The DHUincludes a hydrogenation catalyst that accelerates the rate of reactions between unsaturated hydrocarbons and hydrogen. The hydrogenation catalyst can include one or more active metal component(s) of metals or metal compounds (oxides or sulfides) selected from the Periodic Table of the Elements IUPAC Groups 7, 8, 9 and 10. In some implementations, the hydrogenation catalyst includes platinum (Pt), palladium (Pd), titanium (Ti), rhodium (Rh), rhenium (Re), iridum (Ir), ruthenium (Ru), nickel (Ni), or any combinations of these as the active metal component(s). In some implementations, the active metal component(s) of the hydrogenation catalyst includes a noble metal, such as at least one of Pt, Pd, Rh, Re, Ir, or Ru. The combinations of active metal components of the hydrogenation catalyst can be composed of different particles containing a single active metal species or particles containing multiple active species. Such noble metals can be provided in the range of from about 0.01 weight percent (wt. %) to about 5 wt. %, from about 0.01 wt. % to about 2 wt. %, from about 0.05 wt. % to about 5 wt. %, from about 0.05 wt. % to about 2 wt. %, from about 0.1 wt. % to about 5 wt. %, from about 0.1 wt. % to about 2 wt. %, from about 0.5 wt. % to about 5 wt. %, or from about 0.5 wt. % to about 2 wt. % (based on the mass of the metal(s) relative to the total mass of the hydrogenation catalyst). In some implementations, particles of the hydrogenation catalyst have a pore volume in the range of from about 0.15 cubic centimeters per gram (cc/g) to about 1.70 cc/gm, from about 0.15 cc/gm to about 1.50 cc/gm, from about 0.30 cc/gm to about 1.50 cc/gm, or from about 0.30 cc/gm to about 1.70 cc/gm. In some implementations, particles of the hydrogenation catalyst have a specific surface area in the range of from about 100 square meters per gram (m/g) to about 400 m/g, from about 100 m/g to about 350 m/g, from about 100 m/g to about 300 m/g, from about 150 m/g to about 400 m/g, from about 150 m/g to about 350 m/g, from about 150 m/g to about 300 m/g, from about 200 m/g to about 400 m/g, from about 200 m/g to about 350 m/g, or from about 200 m/g to about 300 m/g. In some implementations, particles of the hydrogenation catalyst have an average pore diameter of at least about 10 angstroms (Å), at least about 50 Å, at least about 100 Å, at least about 200 Å, at least about 500 Å, or at least about 1000 Å.

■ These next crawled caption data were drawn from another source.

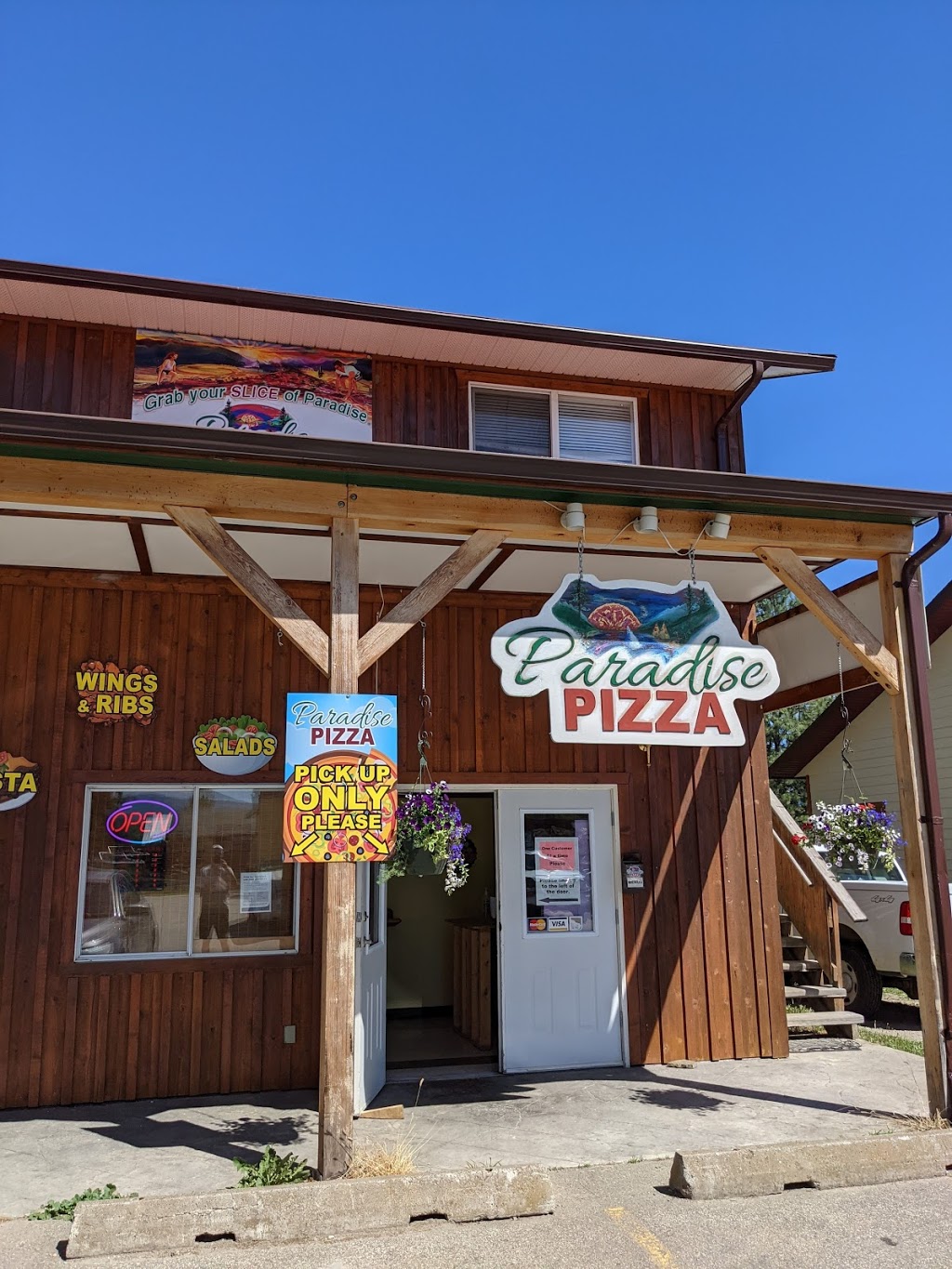 Paradise Pizza | 3867 Squilax-Anglemont Rd, Scotch Creek, BC V0E 1M5, Canada | Phone: (250) 955-2110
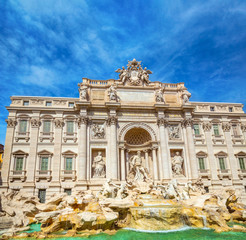 Fototapeta na wymiar Trevi fountain in rome, Italy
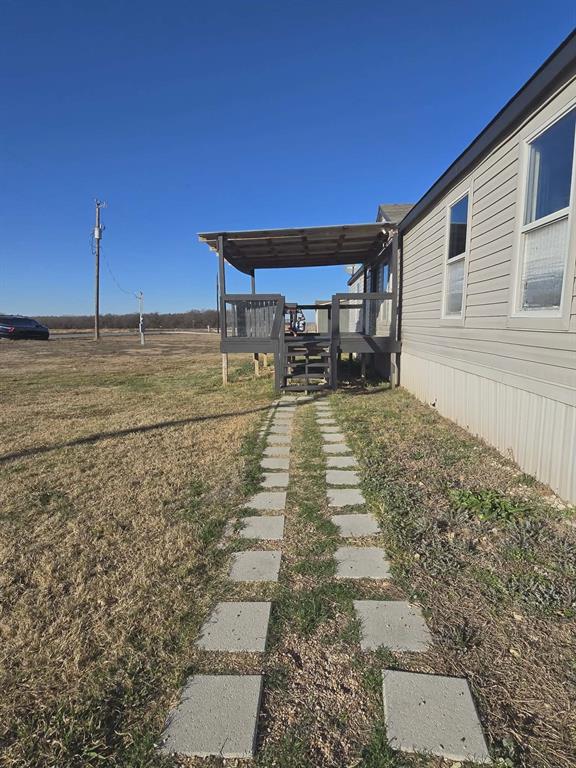 1381 Hackleman Road Whitesboro, TX 76273 - Photo 3 of 25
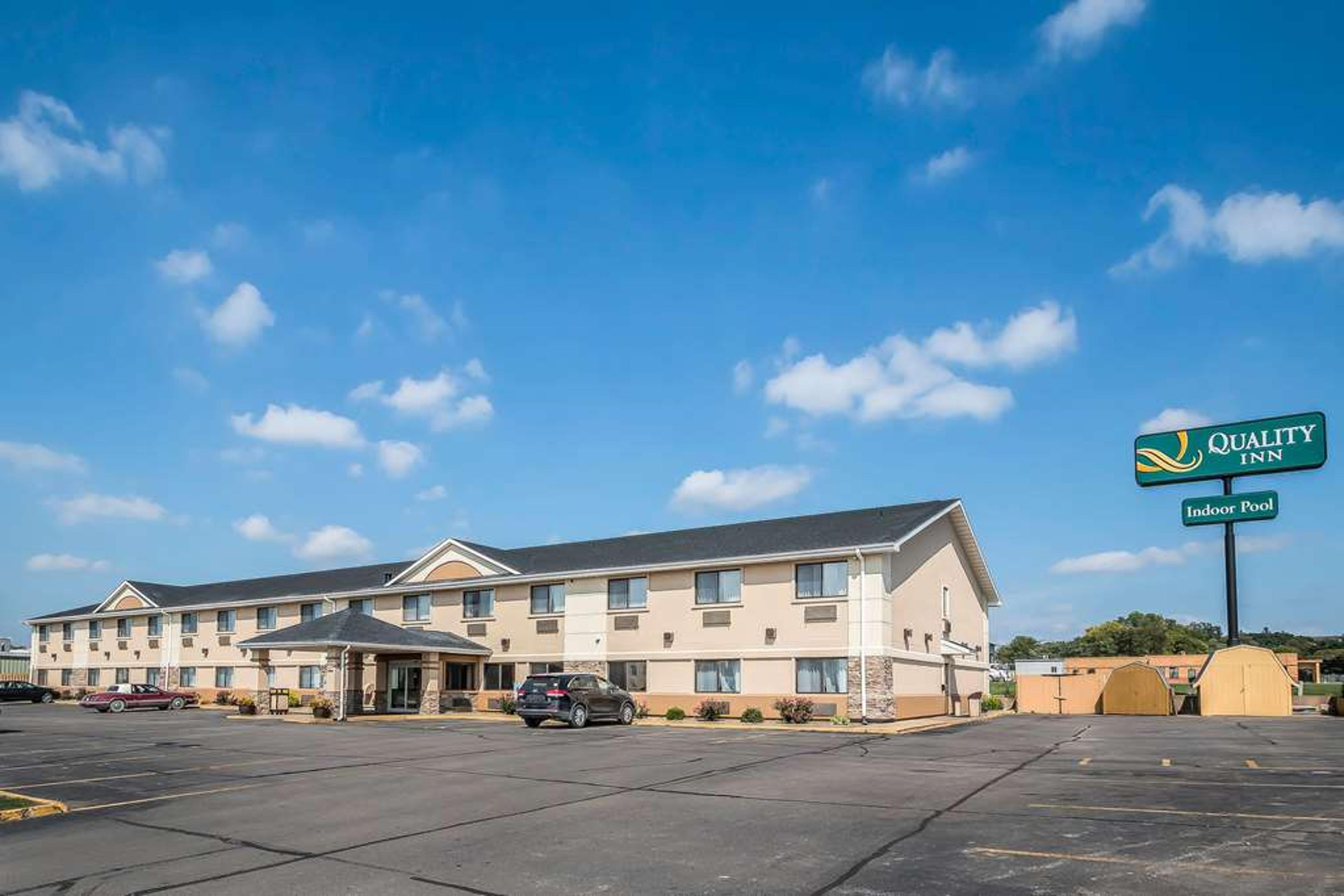 QUALITY INN CORALVILLE - IOWA RIVER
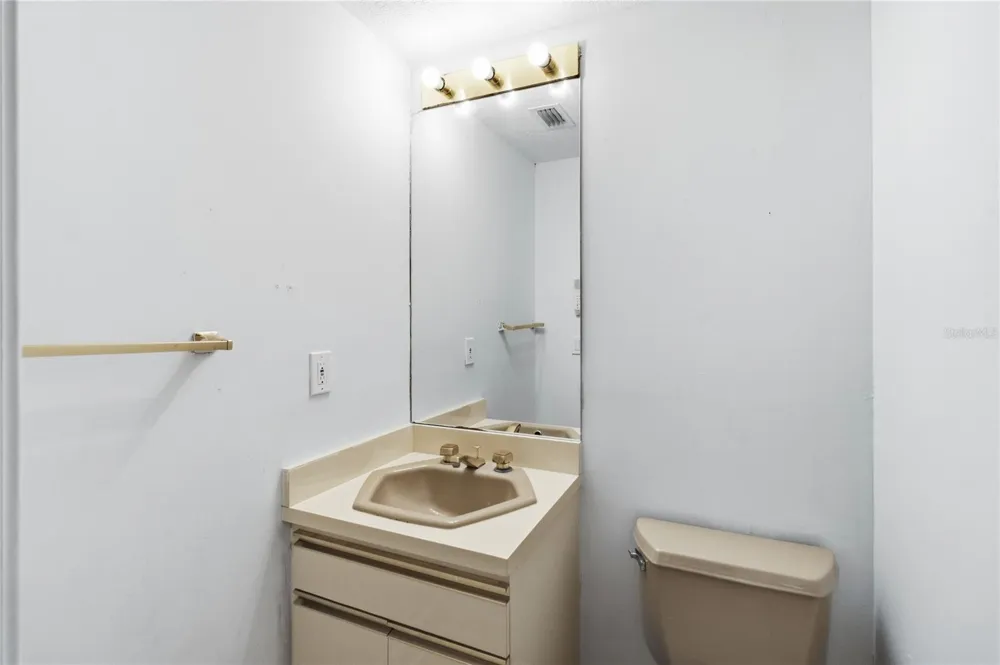 593 DUNMAR CIRCLE Winter Springs, FL 32708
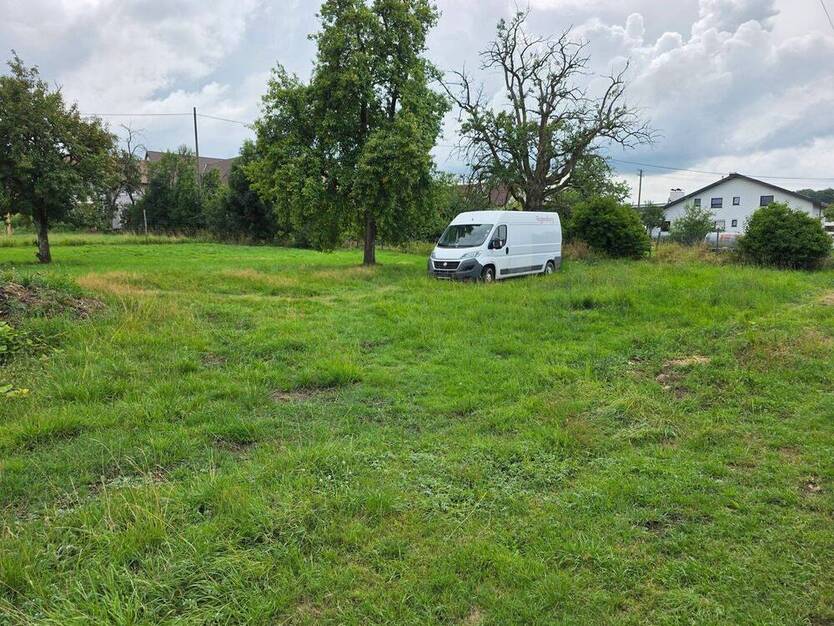 Schönes Grundstück in Ortsrandlage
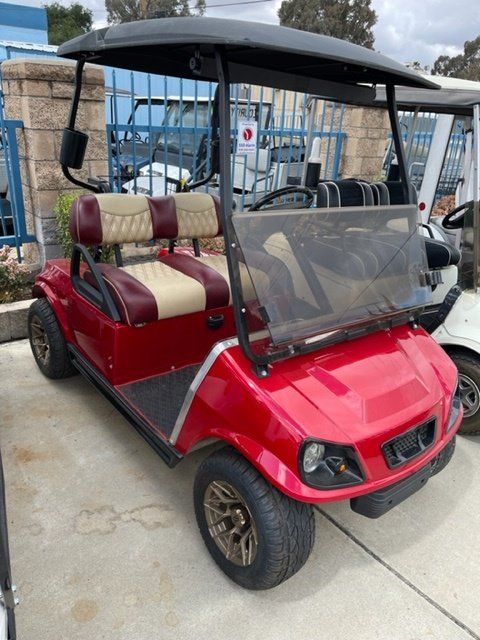 Beautiful golf cart #130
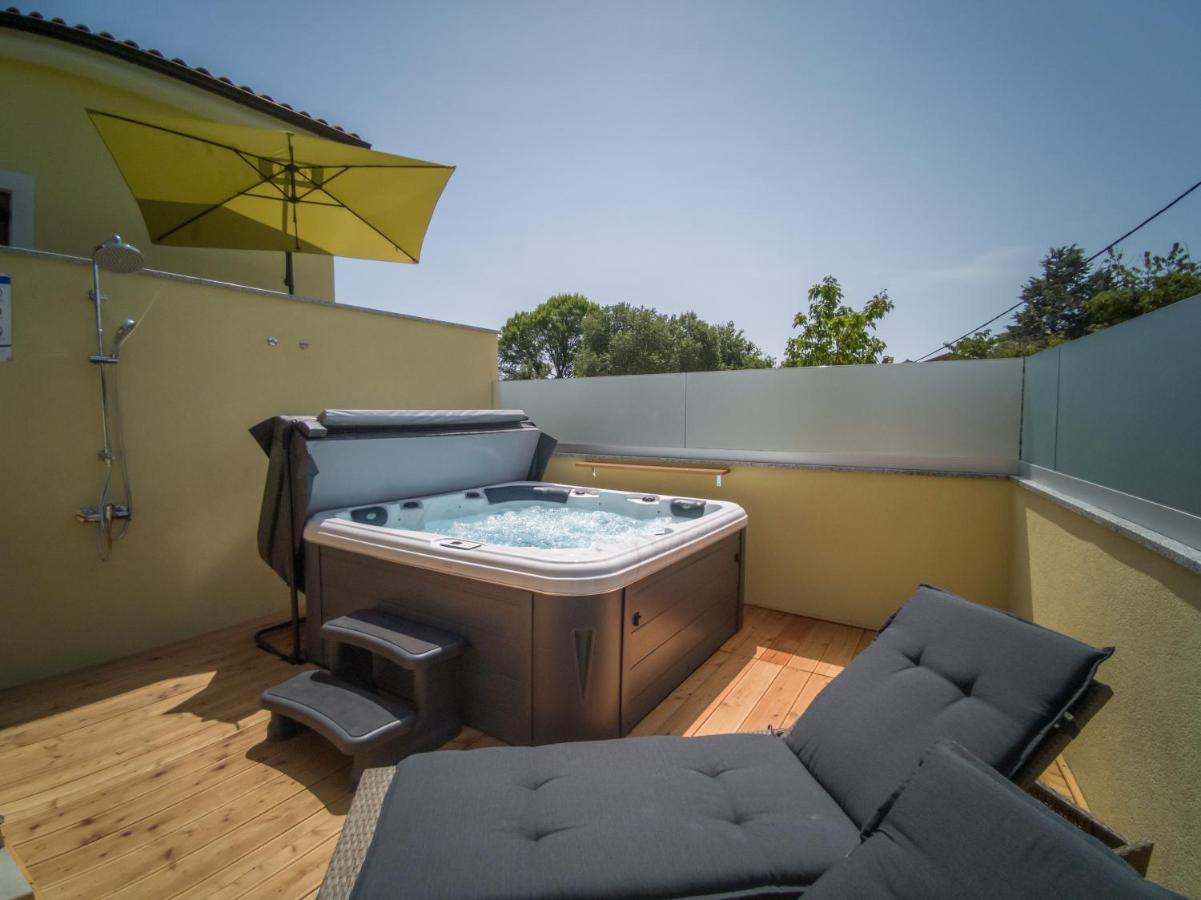 Holiday House Tos-Vila With Heated Pool Vrbnik  Exterior foto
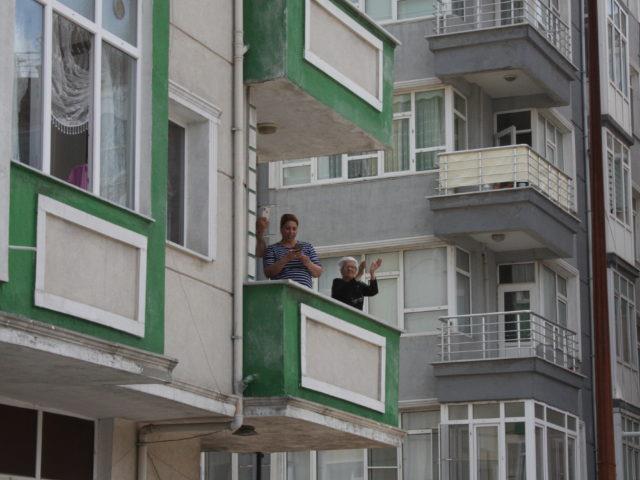 Keşan'da vatandaşlar, sokakta çalınan oyun havalarına balkonlarından eşlik etti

The active metal component(s) of the hydrogenation catalyst is/are typically deposited or otherwise incorporated on a support such as amorphous alumina, and in some implementations, non-acidic amorphous alumina. In some implementations, the support of the hydrogenation catalyst includes non-acidic amorphous alumina containing from about 0.1 wt. % to about 20 wt. %, from about 0.1 wt. % to about 15 wt. %, from about 0.1 wt. % to about 10 wt. %, from about 0.1 wt. % to about 5 wt. %, from about 0.5 wt. % to about 20 wt. %, from about 0.5 wt. % to about 15 wt. %, from about 0.5 wt. % to about 10 wt. %, from about 0.5 wt. % to about 5 wt. %, from about 1 wt. % to about 20 wt. %, from about 1 wt. % to about 15 wt. %, from about 1 wt. % to about 10 wt. %, from about 2.5 wt. % to about 20 wt. %, from about 2.5 wt. % to about 15 wt. %, or from about 2.5 wt. % to about 10 wt. % of zeolite (such as ultrastable Y (USY) zeolite). Non-acidic hydrogenation catalysts can be selected for the DHUso as to favor hydrogenation reactions over hydrocracking reactions. Particularly effective hydrogenation catalysts for promoting hydrogenation reactions include, but are not limited to, noble metal active catalyst components on non-acidic supports, such as Pt, Pd, or both. In some implementations, a suitable hydrogenation catalyst includes a non-acidic support, such as alumina having Pt as the active metal component in an amount of from about 0.1 wt. % to about 0.5 wt. % based on the mass of the metal relative to the total mass of the dehydrogenation catalyst, with relatively small amounts of zeolite (such as USY zeolite), for instance, from about 0.1 wt. % to about 5 wt. %.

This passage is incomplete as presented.